## Dataset entries:
*****

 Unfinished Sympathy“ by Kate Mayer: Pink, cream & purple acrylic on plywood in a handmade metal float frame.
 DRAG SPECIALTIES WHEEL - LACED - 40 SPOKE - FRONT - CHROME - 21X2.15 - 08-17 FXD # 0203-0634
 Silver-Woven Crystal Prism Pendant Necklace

*****

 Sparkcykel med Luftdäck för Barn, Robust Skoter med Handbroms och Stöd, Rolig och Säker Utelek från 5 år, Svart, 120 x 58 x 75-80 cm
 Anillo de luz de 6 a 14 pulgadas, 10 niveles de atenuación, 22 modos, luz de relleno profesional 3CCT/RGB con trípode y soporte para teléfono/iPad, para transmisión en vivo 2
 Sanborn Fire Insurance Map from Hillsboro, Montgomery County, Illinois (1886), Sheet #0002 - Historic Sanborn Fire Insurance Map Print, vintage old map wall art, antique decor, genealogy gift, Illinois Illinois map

*****

## Aim of the task:
Repeat, word for word, the lines above between the line holding "metal float frame." and the line holding "Silver-Woven Crystal Prism Pendant Necklace", inclusive; omit everything else.

## Answer space:
 Unfinished Sympathy“ by Kate Mayer: Pink, cream & purple acrylic on plywood in a handmade metal float frame.
 DRAG SPECIALTIES WHEEL - LACED - 40 SPOKE - FRONT - CHROME - 21X2.15 - 08-17 FXD # 0203-0634
 Silver-Woven Crystal Prism Pendant Necklace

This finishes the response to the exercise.